Introduction

The Internet and the World Wide Web

The Internet is a collection of computers, all connected to one another. It first got its start in 1966 as the ARPANET, a project of the Defense Department’s Advanced Research Projects Agency. At some point it was opened up to university researchers, and, for many years, was used primarily for transferring email and files among university researchers and for exchanging information via newsgroups. Each computer that is connected to the network is called an internet host. In 1986 there were 5,000 hosts and 241 newsgroups.

In 1990, Tim Berners-Lee came up with the idea of having a large number of documents, all of which could be linked together and refer to one another. He called this set of documents the World Wide Web (WWW). Each person or organization’s collection of documents was called a website. The idea caught on quickly. In 1993 there were 600 websites. (The Internet itself was still growing; there were now two million Internet hosts.) In 1995 there were 100,000 websites. Today there are literally millions of websites, and the number of Internet hosts has grown as well.

Clients and Servers

Each Internet host can act as a server, or a repository files. Some hosts hold email files, some hold newsgroup postings, others hold web pages. A server’s purpose in life is to wait for requests to come in from some client, find the requested file or page, and send it back to the client. A client is usually an end user’s computer.

Think of it as a store. You’re the client; you go in and ask the server for a particular item. He goes back to where all the products are stored, prepares the item, and brings it out to you.
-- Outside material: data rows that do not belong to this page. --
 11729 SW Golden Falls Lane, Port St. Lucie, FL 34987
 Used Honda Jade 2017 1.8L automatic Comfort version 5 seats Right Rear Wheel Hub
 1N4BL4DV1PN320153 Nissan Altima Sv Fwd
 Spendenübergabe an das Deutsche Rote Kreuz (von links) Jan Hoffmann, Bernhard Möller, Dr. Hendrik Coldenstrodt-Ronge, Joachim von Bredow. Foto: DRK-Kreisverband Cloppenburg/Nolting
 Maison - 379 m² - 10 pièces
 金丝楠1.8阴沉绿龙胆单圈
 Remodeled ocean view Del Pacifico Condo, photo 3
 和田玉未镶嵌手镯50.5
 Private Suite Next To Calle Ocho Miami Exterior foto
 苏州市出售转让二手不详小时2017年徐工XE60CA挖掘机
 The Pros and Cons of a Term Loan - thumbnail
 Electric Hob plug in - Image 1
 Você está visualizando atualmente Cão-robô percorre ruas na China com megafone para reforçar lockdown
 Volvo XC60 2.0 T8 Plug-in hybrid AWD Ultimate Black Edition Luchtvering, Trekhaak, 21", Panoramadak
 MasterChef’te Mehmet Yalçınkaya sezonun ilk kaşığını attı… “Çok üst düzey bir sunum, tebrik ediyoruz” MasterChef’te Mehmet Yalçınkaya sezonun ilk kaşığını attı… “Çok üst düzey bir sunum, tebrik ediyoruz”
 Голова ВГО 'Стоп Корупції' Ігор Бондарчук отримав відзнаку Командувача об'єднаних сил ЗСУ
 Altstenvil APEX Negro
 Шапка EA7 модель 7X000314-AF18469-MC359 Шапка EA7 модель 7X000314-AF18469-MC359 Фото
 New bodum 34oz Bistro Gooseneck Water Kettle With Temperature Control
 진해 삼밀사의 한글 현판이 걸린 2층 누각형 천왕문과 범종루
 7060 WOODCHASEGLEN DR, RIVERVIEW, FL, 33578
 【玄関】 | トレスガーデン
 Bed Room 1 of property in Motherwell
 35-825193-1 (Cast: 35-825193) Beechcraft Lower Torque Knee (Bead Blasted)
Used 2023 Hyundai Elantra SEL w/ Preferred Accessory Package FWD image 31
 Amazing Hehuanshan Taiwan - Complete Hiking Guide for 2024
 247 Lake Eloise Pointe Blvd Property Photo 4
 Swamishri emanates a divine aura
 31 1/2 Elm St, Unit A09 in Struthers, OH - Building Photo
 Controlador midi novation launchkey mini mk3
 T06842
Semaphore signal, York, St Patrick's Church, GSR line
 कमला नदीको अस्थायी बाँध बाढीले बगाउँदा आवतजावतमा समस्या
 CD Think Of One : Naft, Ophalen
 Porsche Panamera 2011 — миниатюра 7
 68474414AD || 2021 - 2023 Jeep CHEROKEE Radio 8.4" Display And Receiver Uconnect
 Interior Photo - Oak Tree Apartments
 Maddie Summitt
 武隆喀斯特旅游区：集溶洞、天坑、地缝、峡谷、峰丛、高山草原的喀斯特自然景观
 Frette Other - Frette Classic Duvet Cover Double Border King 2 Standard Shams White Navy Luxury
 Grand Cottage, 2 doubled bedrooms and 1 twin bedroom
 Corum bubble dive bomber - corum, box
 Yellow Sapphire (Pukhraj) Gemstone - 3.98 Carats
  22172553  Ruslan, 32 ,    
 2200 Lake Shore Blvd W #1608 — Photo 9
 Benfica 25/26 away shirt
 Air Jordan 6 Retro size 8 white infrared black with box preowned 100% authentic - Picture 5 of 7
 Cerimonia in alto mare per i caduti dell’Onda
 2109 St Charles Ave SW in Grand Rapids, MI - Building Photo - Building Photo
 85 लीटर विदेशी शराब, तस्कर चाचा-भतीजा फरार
Similarly, when you sit at your computer, you request a particular file. That request goes to the appropriate server, which finds the file and sends it back to you. The software that you use depends on the kind of files you want. If you are requesting web pages, you use a browser. If you are requesting email, you use a program designed for reading mail. If you’re reading newsgroup posts, you may use a special news reader program. For your convenience, the latest browsers have combined all these functions into various sections of a single program.

In the first assignment for this course, you will set up an account for yourself on a Windows machine, which will be the machine that you use as a client. You will also set up an account on a UNIX machine which will serve files to you.

How To Specify a File

See pages 15 and 16 of HTML and CSS. As an example, in http://www.evc.edu/calendar/index.html, the means of access, also called the scheme is http://. The network location, also called the host is www.evc.edu, and the path is calendar/index.html.

Note that, when you’re in a browser, you don’t have to type the http://, or sometimes even the www.; the browser will automatically fill those in for you.

HTML

Before the WWW, people exchanged just plain text files or they exchanged files in some proprietary format. One of Berners-Lee’s objectives was to create a way to write files that would improve upon plain text, but be open to everyone. That method is HTML, which stands for HyperText Markup Language.

Markup

Typewritten data with red-pen markup markup comes from the bad old days before word processors. If you needed a brochure, you’d type it on a typewriter, and then literally mark it up with a red pen to tell the typesetter what you wanted it to look like. The typesetter would follow your instructions and return a finished document to you:

How to Buy a Wrench

There are two kinds of wrenches: wrenches with fixed size, and adjustable wrenches.

In this instance, the markup is used not only to show how text should be presented (italic versus normal text), but also to tell how the document is structured: some of the words form a heading, the other words are just ordinary text.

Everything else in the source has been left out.